▶ _AIM OF THE TASK_: Your answer must be a word-for-word copy of the listing below, minus its pictures.
*** Block opens ***
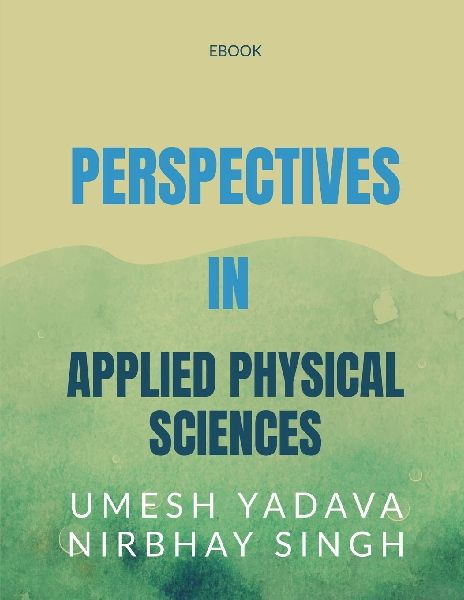 Perspectives in Applied Physical Sciences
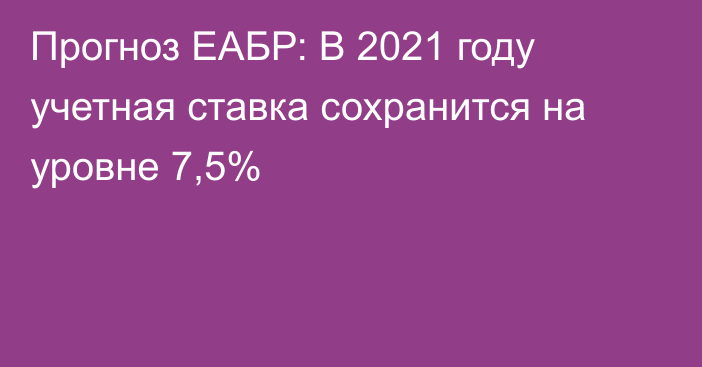 Прогноз ЕАБР: В 2021 году учетная ставка сохранится на уровне 7,5%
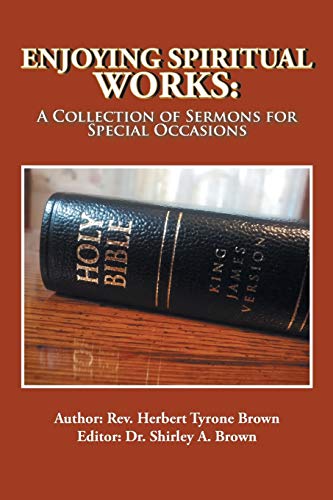 Enjoying Spiritual Works: A Collection of Sermons for Special Occasions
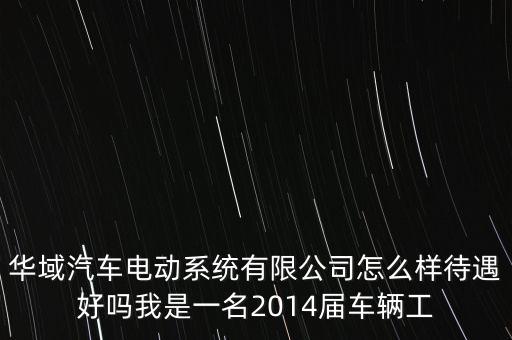 華域汽車電動系統(tǒng)有限公司怎么樣待遇好嗎我是一名2014屆車輛工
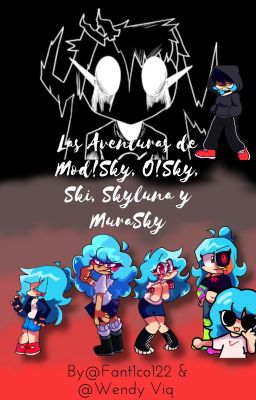 Las Aventuras de Mod!Sky, O!Sky, Ski, SkyLuna y MuraSky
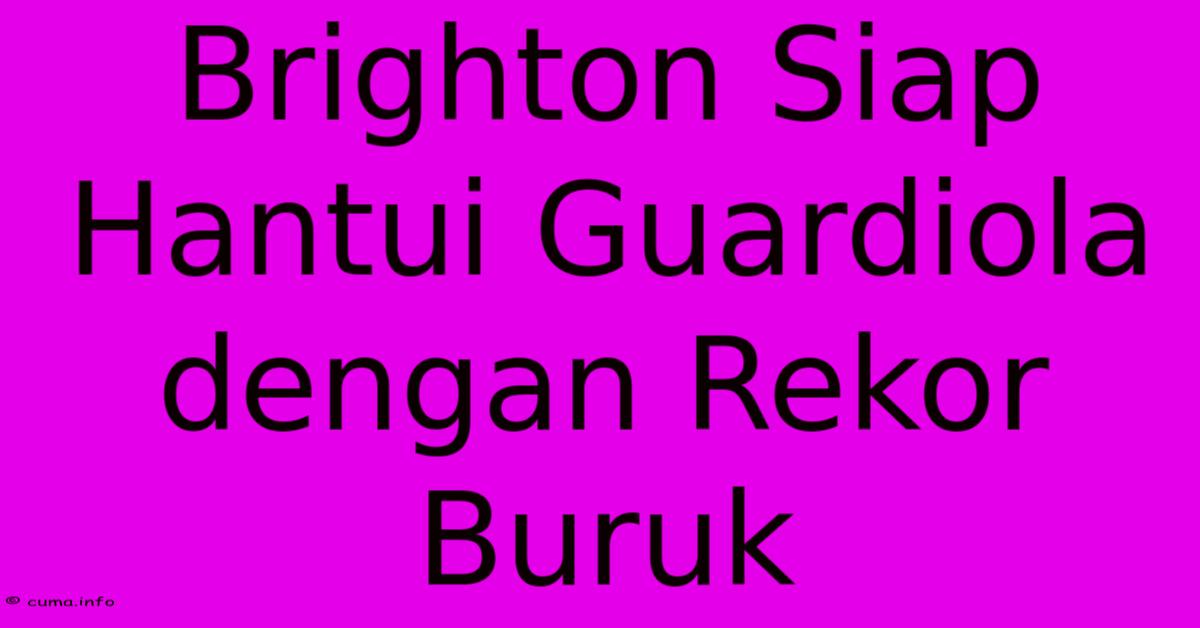 Brighton Siap Hantui Guardiola Dengan Rekor Buruk Brighton Siap Hantui Guardiola Dengan Rekor Buruk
*** Block closes ***
▶ _ANSWER BOX_:
 Perspectives in Applied Physical Sciences
 Прогноз ЕАБР: В 2021 году учетная ставка сохранится на уровне 7,5%
 Enjoying Spiritual Works: A Collection of Sermons for Special Occasions
 華域汽車電動系統(tǒng)有限公司怎么樣待遇好嗎我是一名2014屆車輛工
 Las Aventuras de Mod!Sky, O!Sky, Ski, SkyLuna y MuraSky
 Brighton Siap Hantui Guardiola Dengan Rekor Buruk Brighton Siap Hantui Guardiola Dengan Rekor Buruk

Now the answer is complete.